Learning to Write: “Now Cut It in Half”

By Sherri Dalphonse

My most memorable lesson on writing: I was in a writing class, at Syracuse University, in which the professor asked us all to file a news story—let’s say it was 1,000 words. When we arrived at class, our articles in hand, the professor said—without looking at a single paper: “Now take what you’ve written and cut it in half—without losing a single fact.”

There were moans and gasps—how could we cut our stories by half without losing a thing? Back at my dorm-room desk, I crossed out most of the transitions, adjectives, and extraneous sentences until the word count hit 500.

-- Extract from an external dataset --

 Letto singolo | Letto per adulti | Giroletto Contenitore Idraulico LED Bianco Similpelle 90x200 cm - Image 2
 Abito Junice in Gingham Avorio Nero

At the next class, again the professor announced: “Now cut your piece in half again. Without losing a thing.” More consternation and hand-wringing. Is this what editors did to writers?

Out came almost all the remaining transitions and adverbs. So much for the (no doubt) flowery prose I had slaved over. I had to get to the point. And darned if the exercise didn’t pay off: What remained were just the facts, in a clear, concise bit of writing that forced me to use the strongest verbs and nouns.

The exercise would serve me well, when I later had an editor who was not a fan of adverbs, adjectives, and transitions.

Sherri Dalphonse is a senior editor at The Washingtonian. She has won a Gold Medal in writing from the City and Regional Magazine Association for her article “Dustin and Me,” about the real-life Rain Man; she’s also won SPJ Dateline awards for articles on singer Eva Cassidy, on being stalked, and on traumatic brain injury.